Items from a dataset
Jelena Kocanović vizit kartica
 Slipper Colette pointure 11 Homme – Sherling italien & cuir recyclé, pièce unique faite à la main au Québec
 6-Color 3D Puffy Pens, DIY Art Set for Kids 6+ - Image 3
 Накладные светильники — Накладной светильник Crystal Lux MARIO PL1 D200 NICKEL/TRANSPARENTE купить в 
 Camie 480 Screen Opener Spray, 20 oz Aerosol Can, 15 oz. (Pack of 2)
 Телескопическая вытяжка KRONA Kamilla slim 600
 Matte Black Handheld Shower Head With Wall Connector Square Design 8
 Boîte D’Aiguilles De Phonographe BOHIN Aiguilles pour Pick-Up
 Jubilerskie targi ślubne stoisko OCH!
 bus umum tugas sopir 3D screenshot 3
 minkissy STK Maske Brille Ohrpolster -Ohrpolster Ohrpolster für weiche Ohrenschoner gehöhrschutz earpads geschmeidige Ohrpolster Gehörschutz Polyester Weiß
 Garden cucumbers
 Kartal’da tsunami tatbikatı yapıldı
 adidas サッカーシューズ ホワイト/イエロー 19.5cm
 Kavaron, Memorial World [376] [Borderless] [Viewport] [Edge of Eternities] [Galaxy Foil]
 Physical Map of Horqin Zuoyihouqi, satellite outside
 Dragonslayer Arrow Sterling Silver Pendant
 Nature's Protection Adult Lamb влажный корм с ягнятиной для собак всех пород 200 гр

* **Exercise details**
Copy the records above exactly, starting at the line that contains "Dragonslayer Arrow Sterling Silver Pendant" and ending at the last line, and leave out all earlier lines.

* **Output of the exercise**
 Dragonslayer Arrow Sterling Silver Pendant
 Nature's Protection Adult Lamb влажный корм с ягнятиной для собак всех пород 200 гр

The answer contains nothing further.